While the U.S. Federal Aviation Administration (FAA) has allowed the Boeing 737 Max to return to service, the aircraft remains grounded in Canada.
Transport Minister Marc Garneau said in a statement released Wednesday that the flight restrictions on the Boeing 737 Max aircraft remain in effect, “and will not be lifted until the department is fully satisfied that all its safety concerns have been addressed, and that enhanced flight crew procedures and training are in place."
Transport Canada’s safety experts continue their independent validation process, Garneau said, to determine whether to approve the proposed safety changes to the aircraft.
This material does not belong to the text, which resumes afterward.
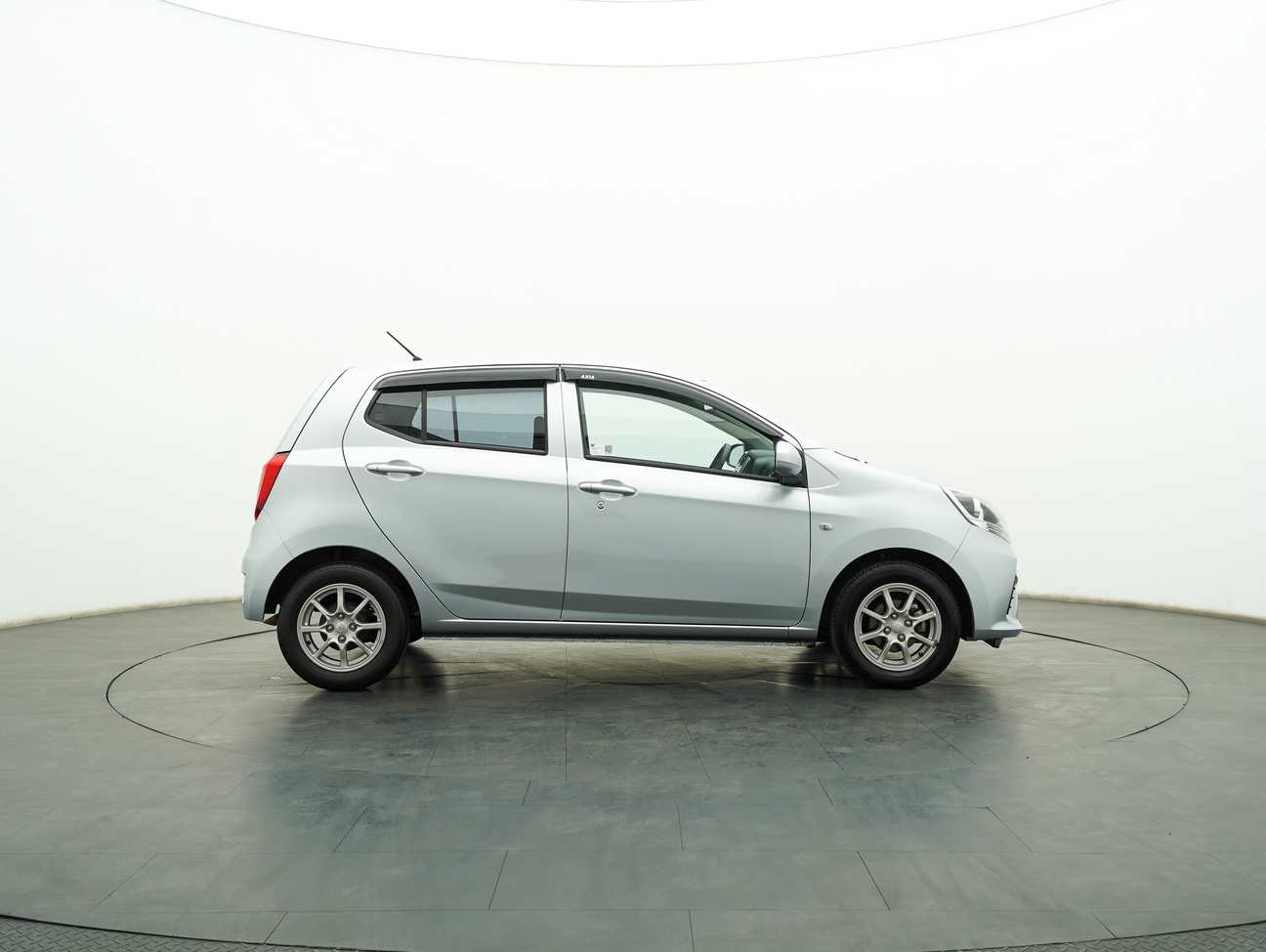 terpakai 2018 Perodua AXIA G 1.0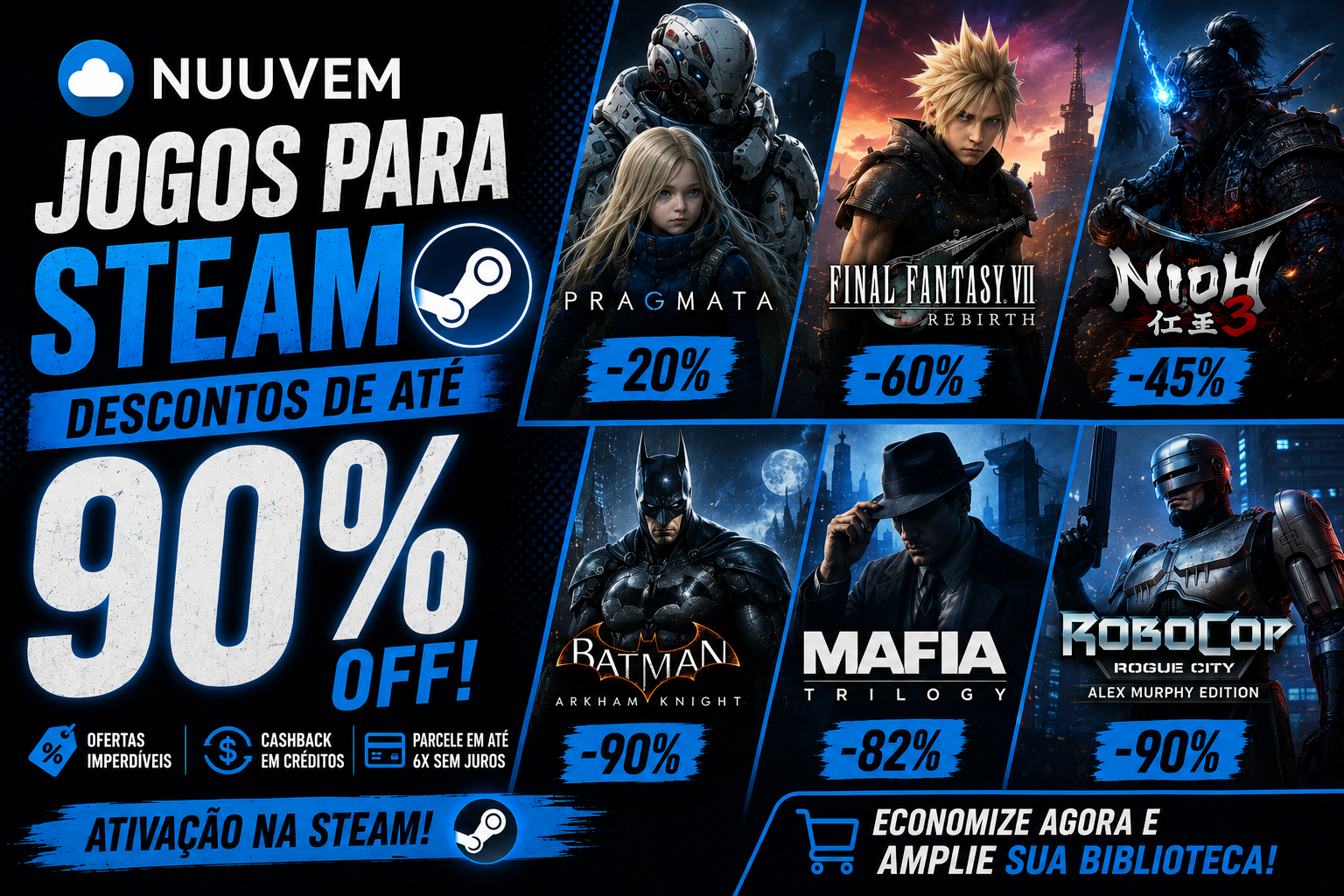 jogos da Steam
He expects Transport Canada’s process to conclude very soon.
“However, there will be differences between what the FAA has approved today, and what Canada will require for its operators,” Garneau said.
“These differences will include additional procedures on the flight deck and pre-flight, as well as differences in training.”
On Wednesday, the U.S. FAA chief Steve Dickson signed an order allowing the best-selling plane to resume flights after it was grounded in March 2019. The order will end the longest grounding in commercial aviation history and paves the way for Boeing to resume U.S. deliveries and commercial flights by the end of the year.
Canada joined the U.S. and grounded the Boeing Max 8 and Max 9 aircraft last March, days after an Ethiopian Airlines crash killed 157 people. The safety notice grounded all Boeing Max 8s flown by Canadian airlines, including 24 jets belonging to Air Canada, 13 to WestJet and four to Sunwing Airlines.
The FAA is requiring new training to deal with a key safety system called MCAS that is faulted for the two fatal crashes, as well as significant new safeguards and other software changes.
"I feel 100% confident," Dickson told Reuters.